A questão se coloca oportuna pelo fato de o novo ordenamento demandar uma infinidade de novas normas. Isso acarreta a necessidade de criação delas com o intuito de regulamentar os novos dispositivos. Por esse motivo, a recepção, como instituto que é, resulta adequada no sentido de que o indivíduo não fica à mercê da discricionariedade legislativa para a criação de norma. Ela já existe e contém elementos adequados para o pleno exercício do direito ratificado pela constituição de outro instituto regulamentado pela anterior.

Essa dimensão foi devidamente explorada por Jorge Miranda,13 cujas

exatas palavras foram: “constitucionalidade e inconstitucionalidade designam conceitos de relação: a relação que se estabelece entre uma coisa – a constituição – e outra coisa – uma norma ou um acto – que lhe está ou não conforme, que com ela é ou não compatível, que cabe ou não cabe no seu sentido.”

Destarte, isso significa dizer que as normas anteriores, compatíveis com a nova constituição, permanecem vigentes e com conteúdo idêntico; porém, com fundamento novo.
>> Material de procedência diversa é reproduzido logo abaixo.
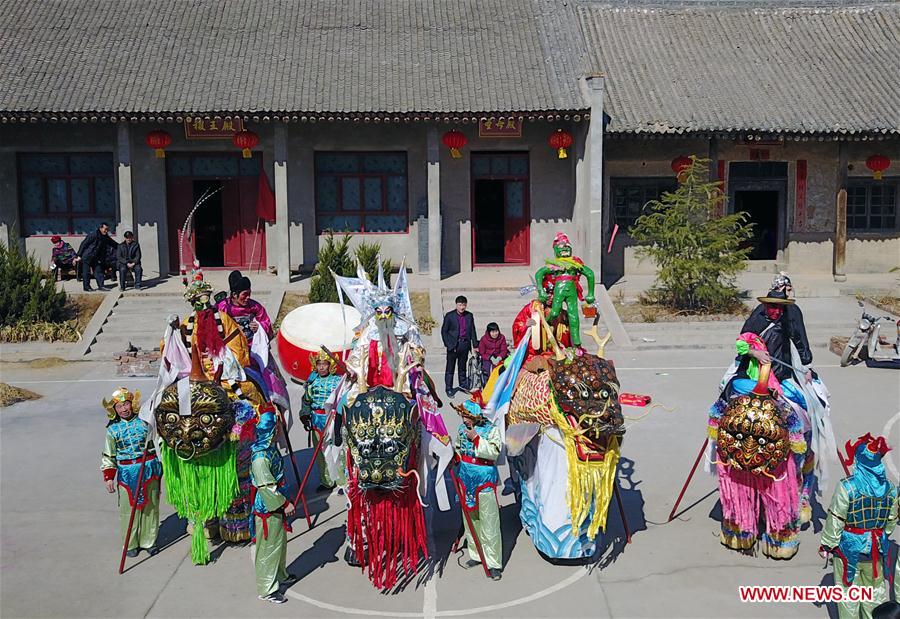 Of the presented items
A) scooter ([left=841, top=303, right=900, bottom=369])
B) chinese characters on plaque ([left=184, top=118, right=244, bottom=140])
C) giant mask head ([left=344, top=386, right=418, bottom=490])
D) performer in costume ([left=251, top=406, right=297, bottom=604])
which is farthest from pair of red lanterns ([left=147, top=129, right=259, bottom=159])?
giant mask head ([left=344, top=386, right=418, bottom=490])

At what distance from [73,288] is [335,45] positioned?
776 cm

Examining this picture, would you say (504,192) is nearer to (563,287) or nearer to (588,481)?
(563,287)

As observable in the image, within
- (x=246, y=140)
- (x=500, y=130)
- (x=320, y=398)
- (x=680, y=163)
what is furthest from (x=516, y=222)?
(x=320, y=398)

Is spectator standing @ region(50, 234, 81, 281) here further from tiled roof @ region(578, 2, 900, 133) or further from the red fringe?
the red fringe

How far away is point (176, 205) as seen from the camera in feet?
67.6

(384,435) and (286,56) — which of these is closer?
(384,435)

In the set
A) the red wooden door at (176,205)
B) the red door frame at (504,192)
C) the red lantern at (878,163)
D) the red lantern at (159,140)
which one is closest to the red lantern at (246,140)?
the red lantern at (159,140)

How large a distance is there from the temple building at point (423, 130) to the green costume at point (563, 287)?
1072cm

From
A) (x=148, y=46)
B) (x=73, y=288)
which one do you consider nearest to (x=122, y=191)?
(x=73, y=288)

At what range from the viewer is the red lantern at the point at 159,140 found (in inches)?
747

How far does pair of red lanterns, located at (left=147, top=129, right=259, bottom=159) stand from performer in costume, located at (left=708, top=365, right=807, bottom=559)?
549 inches

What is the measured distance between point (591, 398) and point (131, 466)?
3.60 metres

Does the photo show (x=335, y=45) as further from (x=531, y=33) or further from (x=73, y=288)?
(x=73, y=288)

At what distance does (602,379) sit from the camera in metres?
6.85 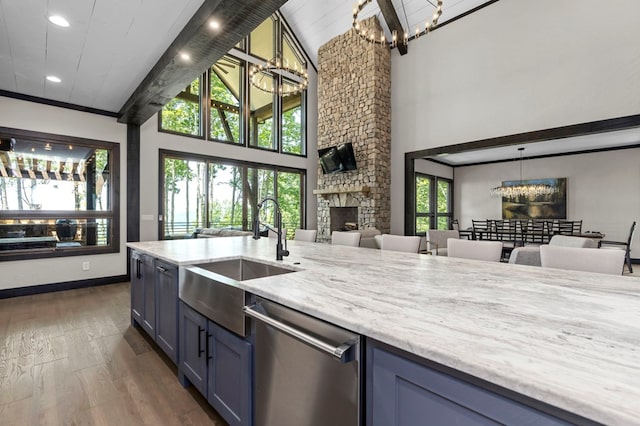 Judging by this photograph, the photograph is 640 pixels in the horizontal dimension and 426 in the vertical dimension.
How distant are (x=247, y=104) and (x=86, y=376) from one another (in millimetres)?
6005

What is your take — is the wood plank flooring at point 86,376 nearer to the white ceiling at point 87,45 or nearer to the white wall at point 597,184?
the white ceiling at point 87,45

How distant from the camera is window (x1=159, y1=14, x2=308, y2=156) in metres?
6.15

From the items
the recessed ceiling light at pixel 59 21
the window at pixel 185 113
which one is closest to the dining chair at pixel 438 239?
the window at pixel 185 113

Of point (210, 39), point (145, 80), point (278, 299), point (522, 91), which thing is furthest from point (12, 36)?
point (522, 91)

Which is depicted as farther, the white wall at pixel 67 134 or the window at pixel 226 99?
the window at pixel 226 99

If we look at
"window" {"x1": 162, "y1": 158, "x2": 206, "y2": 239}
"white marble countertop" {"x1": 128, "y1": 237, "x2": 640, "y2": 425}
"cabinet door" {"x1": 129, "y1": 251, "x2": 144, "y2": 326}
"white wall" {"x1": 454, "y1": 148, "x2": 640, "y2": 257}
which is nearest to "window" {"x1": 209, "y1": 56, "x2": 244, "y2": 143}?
"window" {"x1": 162, "y1": 158, "x2": 206, "y2": 239}

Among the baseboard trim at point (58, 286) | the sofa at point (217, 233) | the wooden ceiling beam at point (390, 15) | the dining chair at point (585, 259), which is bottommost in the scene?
the baseboard trim at point (58, 286)

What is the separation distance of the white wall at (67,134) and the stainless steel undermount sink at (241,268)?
12.4 ft

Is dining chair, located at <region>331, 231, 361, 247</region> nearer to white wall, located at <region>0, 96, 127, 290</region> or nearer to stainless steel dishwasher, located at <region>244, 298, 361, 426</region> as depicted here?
stainless steel dishwasher, located at <region>244, 298, 361, 426</region>

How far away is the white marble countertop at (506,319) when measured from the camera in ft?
1.91

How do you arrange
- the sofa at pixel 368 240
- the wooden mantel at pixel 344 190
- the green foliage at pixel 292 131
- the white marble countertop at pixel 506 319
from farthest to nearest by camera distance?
the green foliage at pixel 292 131 < the wooden mantel at pixel 344 190 < the sofa at pixel 368 240 < the white marble countertop at pixel 506 319

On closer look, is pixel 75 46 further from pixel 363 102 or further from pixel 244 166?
pixel 363 102

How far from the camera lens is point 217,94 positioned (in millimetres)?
6551

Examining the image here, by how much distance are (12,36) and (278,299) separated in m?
3.61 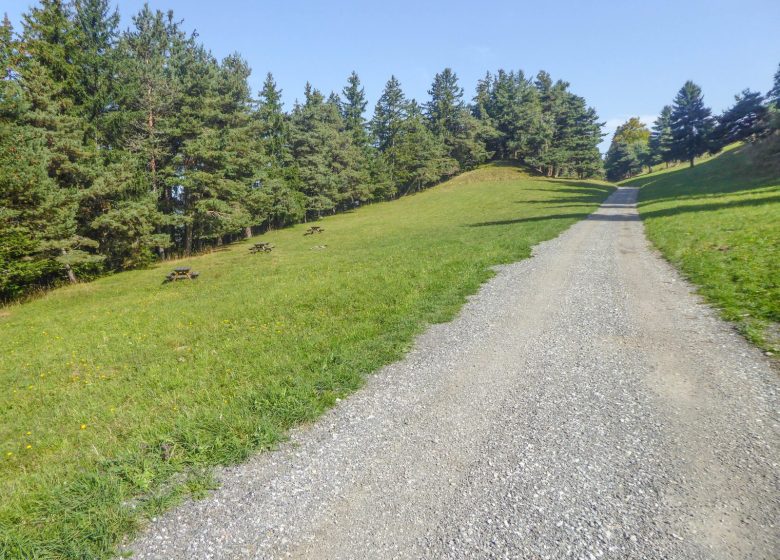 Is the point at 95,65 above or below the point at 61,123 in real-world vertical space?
above

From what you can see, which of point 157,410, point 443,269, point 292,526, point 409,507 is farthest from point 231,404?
point 443,269

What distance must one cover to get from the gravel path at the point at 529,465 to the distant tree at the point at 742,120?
73170mm

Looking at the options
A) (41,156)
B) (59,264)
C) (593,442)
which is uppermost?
(41,156)

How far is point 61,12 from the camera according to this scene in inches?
1111

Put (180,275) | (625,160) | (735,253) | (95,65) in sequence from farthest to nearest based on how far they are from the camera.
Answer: (625,160) < (95,65) < (180,275) < (735,253)

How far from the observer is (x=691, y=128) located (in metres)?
65.6

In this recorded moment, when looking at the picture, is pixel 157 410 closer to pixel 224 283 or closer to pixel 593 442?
pixel 593 442

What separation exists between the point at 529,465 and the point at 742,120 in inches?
3249

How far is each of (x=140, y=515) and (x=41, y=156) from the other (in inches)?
1029

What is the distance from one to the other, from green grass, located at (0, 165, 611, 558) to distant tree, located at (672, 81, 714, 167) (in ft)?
226

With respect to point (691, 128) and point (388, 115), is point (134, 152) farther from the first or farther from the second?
point (691, 128)

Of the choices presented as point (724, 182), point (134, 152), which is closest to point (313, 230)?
point (134, 152)

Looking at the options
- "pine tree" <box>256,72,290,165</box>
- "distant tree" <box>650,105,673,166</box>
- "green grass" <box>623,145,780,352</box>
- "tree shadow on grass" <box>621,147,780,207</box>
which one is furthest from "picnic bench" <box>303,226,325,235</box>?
"distant tree" <box>650,105,673,166</box>

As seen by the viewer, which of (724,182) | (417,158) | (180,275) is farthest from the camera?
(417,158) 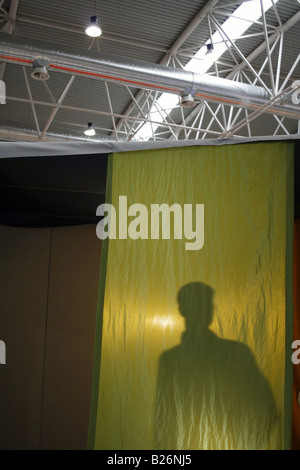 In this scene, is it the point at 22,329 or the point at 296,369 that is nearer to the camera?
the point at 296,369

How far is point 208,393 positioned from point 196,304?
43 centimetres

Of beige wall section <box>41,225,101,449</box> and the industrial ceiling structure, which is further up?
the industrial ceiling structure

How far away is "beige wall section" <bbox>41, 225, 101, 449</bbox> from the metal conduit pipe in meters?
2.75

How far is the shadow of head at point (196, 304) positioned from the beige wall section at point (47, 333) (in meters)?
1.82

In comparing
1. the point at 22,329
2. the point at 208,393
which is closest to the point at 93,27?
the point at 22,329

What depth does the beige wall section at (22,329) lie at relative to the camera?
12.1 feet

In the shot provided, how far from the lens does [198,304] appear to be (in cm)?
229

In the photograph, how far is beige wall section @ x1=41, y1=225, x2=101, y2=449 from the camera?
3.75m

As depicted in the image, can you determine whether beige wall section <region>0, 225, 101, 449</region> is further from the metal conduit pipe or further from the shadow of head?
the metal conduit pipe

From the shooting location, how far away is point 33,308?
390 cm

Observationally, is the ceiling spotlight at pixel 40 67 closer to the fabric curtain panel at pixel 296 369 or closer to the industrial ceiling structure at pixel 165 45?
the industrial ceiling structure at pixel 165 45

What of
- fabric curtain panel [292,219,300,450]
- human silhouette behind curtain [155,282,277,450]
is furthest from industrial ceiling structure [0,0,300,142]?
human silhouette behind curtain [155,282,277,450]

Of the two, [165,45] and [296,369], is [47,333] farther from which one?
[165,45] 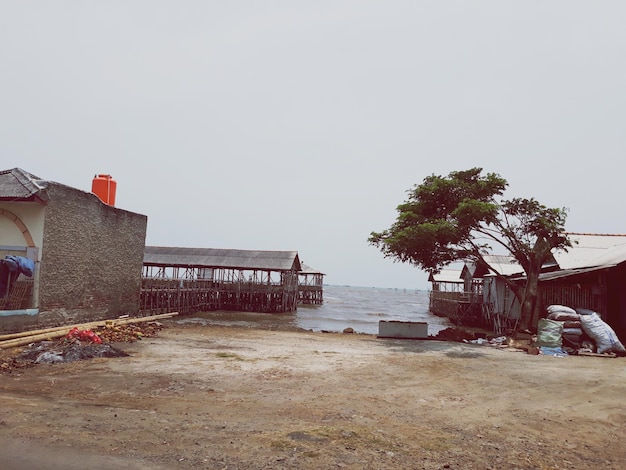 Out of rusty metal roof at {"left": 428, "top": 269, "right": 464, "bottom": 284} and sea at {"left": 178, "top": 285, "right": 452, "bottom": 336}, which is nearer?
sea at {"left": 178, "top": 285, "right": 452, "bottom": 336}

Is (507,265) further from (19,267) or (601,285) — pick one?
(19,267)

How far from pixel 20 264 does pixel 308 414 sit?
32.0 feet

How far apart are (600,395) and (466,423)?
3.62m

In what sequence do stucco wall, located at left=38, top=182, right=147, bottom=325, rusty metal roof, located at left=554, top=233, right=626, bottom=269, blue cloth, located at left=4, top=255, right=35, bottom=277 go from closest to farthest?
blue cloth, located at left=4, top=255, right=35, bottom=277
stucco wall, located at left=38, top=182, right=147, bottom=325
rusty metal roof, located at left=554, top=233, right=626, bottom=269

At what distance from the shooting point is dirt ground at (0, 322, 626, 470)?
4820mm

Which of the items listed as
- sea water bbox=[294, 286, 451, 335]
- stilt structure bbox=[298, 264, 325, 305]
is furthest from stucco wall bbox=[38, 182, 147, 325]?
stilt structure bbox=[298, 264, 325, 305]

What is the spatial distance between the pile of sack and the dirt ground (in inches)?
99.6

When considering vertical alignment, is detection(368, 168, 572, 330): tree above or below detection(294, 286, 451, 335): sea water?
above

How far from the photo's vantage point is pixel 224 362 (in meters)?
10.9

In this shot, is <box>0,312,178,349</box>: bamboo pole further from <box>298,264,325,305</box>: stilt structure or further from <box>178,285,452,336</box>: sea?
<box>298,264,325,305</box>: stilt structure

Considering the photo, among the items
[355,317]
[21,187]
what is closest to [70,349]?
[21,187]

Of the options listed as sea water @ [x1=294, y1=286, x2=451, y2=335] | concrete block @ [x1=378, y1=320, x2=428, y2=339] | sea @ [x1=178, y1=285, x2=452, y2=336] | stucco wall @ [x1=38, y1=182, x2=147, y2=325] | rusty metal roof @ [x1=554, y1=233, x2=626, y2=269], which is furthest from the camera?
sea water @ [x1=294, y1=286, x2=451, y2=335]

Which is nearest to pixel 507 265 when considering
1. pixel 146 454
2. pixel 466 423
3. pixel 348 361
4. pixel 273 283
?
pixel 273 283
A simples aderência ao novo sistema lhes garantem efetividade.

A jurisprudência do STF é no sentido de que a antinomia entre norma ordinária anterior e a constituição superveniente se resolve em mera revogação da primeira, cuja declaração não se presta à ação direta. O mesmo ocorre com as provenientes de emenda à constituição. A lei ordinária ou complementar anterior se torna incompatível com o texto constitucional modificado.14

Importante observar que a determinação de exigências no âmbito formal de uma norma compatível não necessita estar em consonância com a nova ordem. Isto é, se uma norma é materialmente válida, seu veículo de exteriorização é irrelevante, mesmo se incompatível com a nova constituição. Por exemplo, o Código Tributário Nacional, apesar de ser uma lei ordinária, foi recepcionado como se fosse complementar, em decorrência da nova exigência constitucional (CF/67).

Contudo, essa posição não é aceita pelo Excelso Pretório. Aqui, as reiteradas decisões do Supremo Tribunal Federal ratificam a inviabilidade de se declarar a inconstitucionalidade superveniente e do controle concentrado sobre o conflito entre leis anteriores e a constituição em vigor.

5.2.2. Desconstitucionalização

O que ocorre com as normas contidas na constituição anterior não incompatíveis com a constituição nova? Estariam elas de alguma forma revogadas ou mesmo recepcionadas pelo novo texto constitucional?

Na hipótese vertente, poderia se apontar o fenômeno da desconstitucionalização, a qual resulta no rebaixamento de normas constitucionais para a categoria de normas infraconstitucionais. Na verdade, ela deixa de ser formalmente constitucional para ser materialmente constitucional.

Esse fenômeno não está previsto em nosso ordenamento. Não se mesclam normas de Poderes Constituintes diversos. É possível, como visto, o aproveitamento, pela recepção, de normas materialmente compatíveis com a constituição. Contudo, as normas formais, presentes no texto anterior, são consideradas revogadas pela simples existência da nova constituição.

Já houve, inclusive, a previsão no texto, expresso na Constituição de 1937, indicando que “continuam em vigor, enquanto não revogadas, as leis que, explícita ou implicitamente, não contrariem as disposições desta Constituição” (art. 183 da CF/37). Porém, nada que possibilitasse o aproveitamento de normas anteriores. Se nada existe expresso nesse sentido, consideram-se revogadas todas as normas da carta anterior.

De forma a reiterar o que anteriormente se afirmou, faz-se referência ao previsto no art. 34 do ADCT vigente, o qual prorrogou a vigência, por cinco meses, das normas relacionadas ao sistema tributário nacional da Constituição de 1967 com a redação dada pela Emenda Constitucional n. 1 de 1969 e posteriores. Contudo, isso não significou a adesão ao instituto em comento. Tratou-se de exceção já consumada. Certamente, se houvesse previsão nesse sentido no texto constitucional, não haveria nenhum obstáculo, eis que se trata da manifestação do poder constituinte.

Pode-se exemplificar a desconstitucionalização de outras formas como, por exemplo, uma norma da presente constituição que é excluída por emenda à constituição e passa a fazer parte de uma lei ordinária vigente.